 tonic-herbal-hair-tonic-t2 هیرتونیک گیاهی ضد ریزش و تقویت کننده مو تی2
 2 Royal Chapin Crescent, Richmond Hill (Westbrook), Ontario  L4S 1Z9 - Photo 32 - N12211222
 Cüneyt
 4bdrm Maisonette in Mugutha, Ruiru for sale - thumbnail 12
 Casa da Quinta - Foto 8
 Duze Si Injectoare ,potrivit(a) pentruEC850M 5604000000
* * *
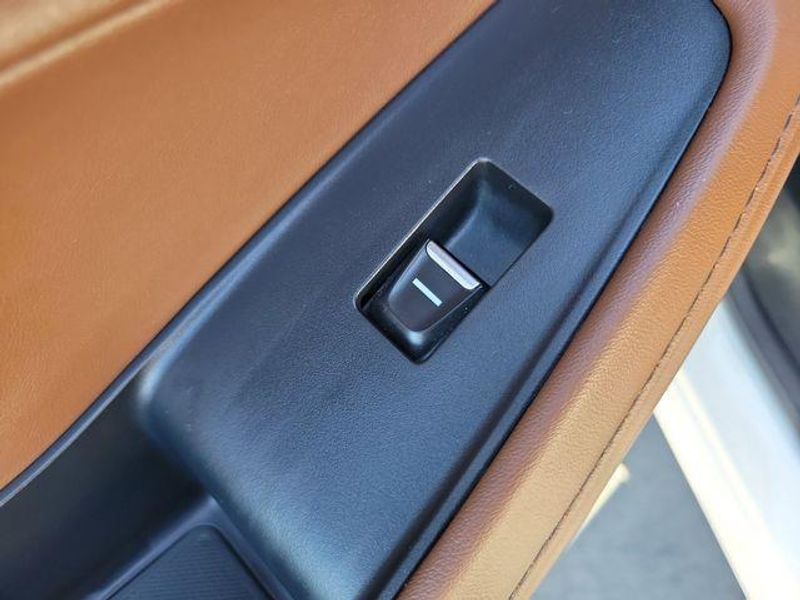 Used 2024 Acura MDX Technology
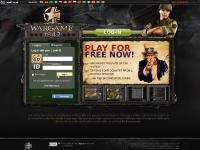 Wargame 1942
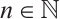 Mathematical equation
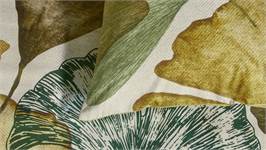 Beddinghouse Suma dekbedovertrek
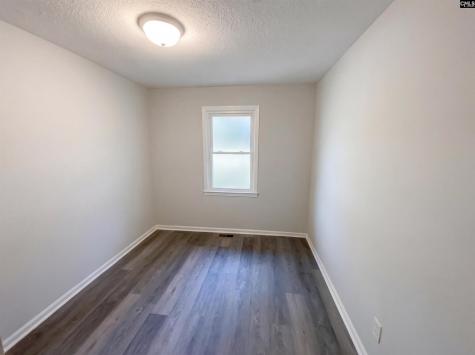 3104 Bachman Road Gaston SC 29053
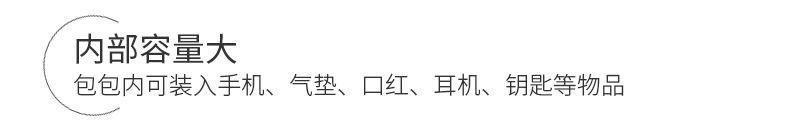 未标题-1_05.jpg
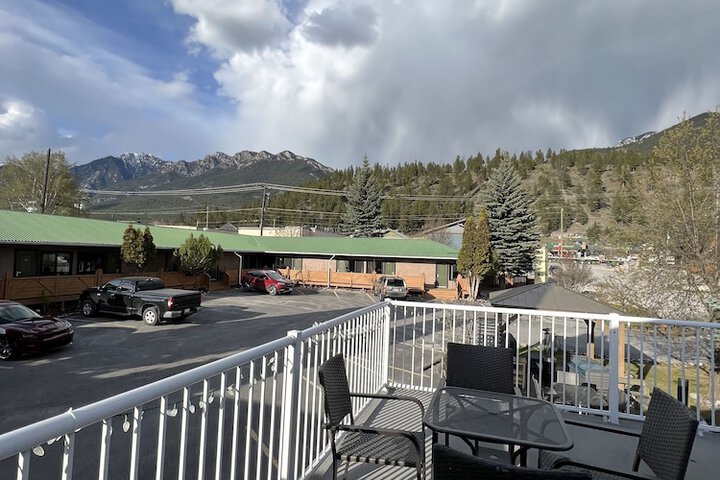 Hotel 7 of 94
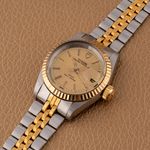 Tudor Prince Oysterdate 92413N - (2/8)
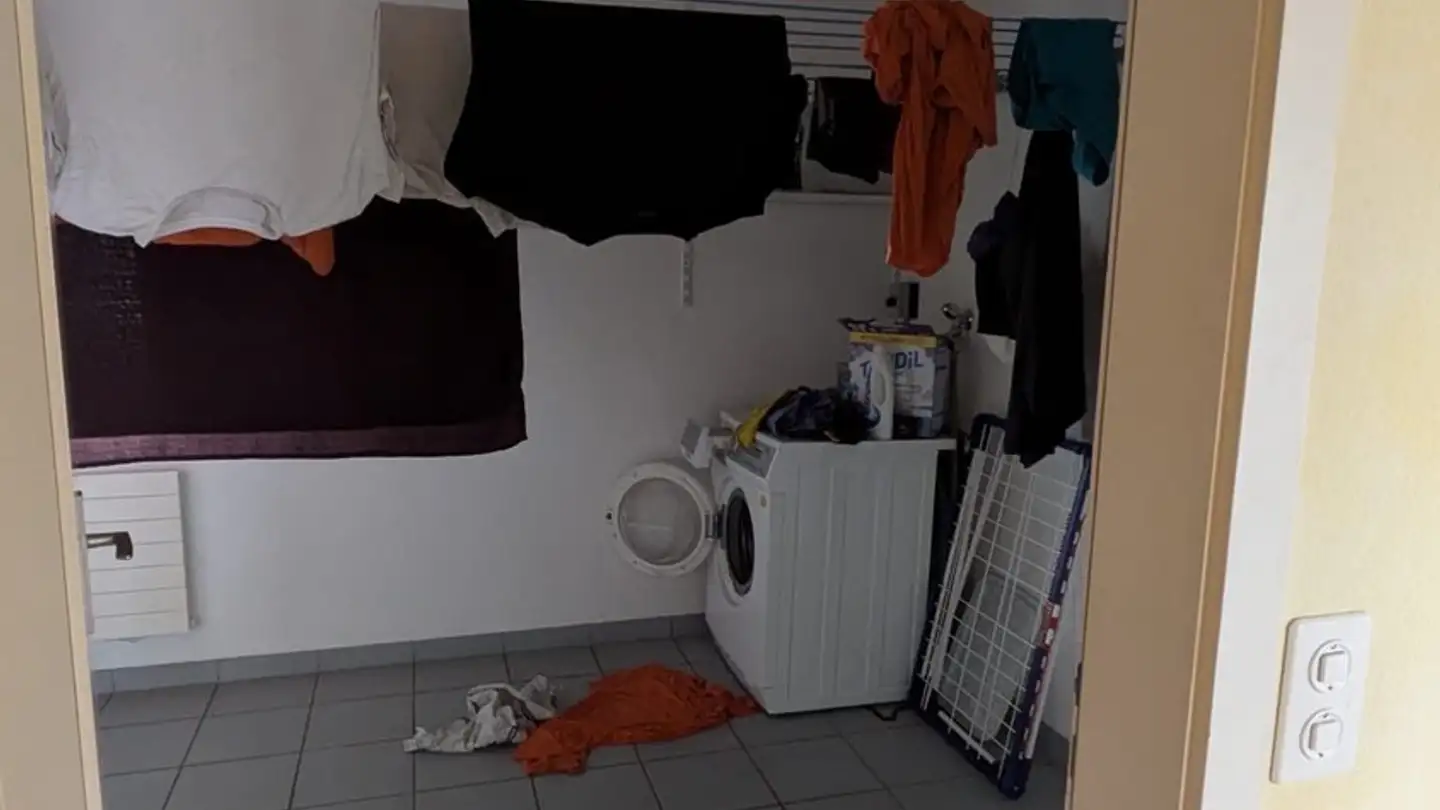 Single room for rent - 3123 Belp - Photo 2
* * *
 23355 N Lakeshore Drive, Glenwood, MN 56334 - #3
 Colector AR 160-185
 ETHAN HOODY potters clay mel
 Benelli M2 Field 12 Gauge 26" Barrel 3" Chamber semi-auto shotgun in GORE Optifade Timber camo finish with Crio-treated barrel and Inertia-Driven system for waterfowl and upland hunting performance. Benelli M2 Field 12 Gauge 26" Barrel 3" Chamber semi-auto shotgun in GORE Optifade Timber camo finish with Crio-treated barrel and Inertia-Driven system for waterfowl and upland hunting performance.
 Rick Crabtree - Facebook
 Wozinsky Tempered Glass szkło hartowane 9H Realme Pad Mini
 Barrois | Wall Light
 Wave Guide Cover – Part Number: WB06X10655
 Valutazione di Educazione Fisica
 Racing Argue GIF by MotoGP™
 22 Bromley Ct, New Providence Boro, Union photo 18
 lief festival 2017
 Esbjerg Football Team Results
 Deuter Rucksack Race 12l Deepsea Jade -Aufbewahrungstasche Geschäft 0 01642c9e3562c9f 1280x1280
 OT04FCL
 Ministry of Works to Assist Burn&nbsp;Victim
* * *
# [WORK TO BE COMPLETED]
Taking the entries above, restate exactly those lines that fall between the line with "tonic-herbal-hair-tonic-t2 هیرتونیک گیاهی" and the line with "Duze Si Injectoare", keeping both of those lines too.

# [EXERCISE RESPONSE]
 tonic-herbal-hair-tonic-t2 هیرتونیک گیاهی ضد ریزش و تقویت کننده مو تی2
 2 Royal Chapin Crescent, Richmond Hill (Westbrook), Ontario  L4S 1Z9 - Photo 32 - N12211222
 Cüneyt
 4bdrm Maisonette in Mugutha, Ruiru for sale - thumbnail 12
 Casa da Quinta - Foto 8
 Duze Si Injectoare ,potrivit(a) pentruEC850M 5604000000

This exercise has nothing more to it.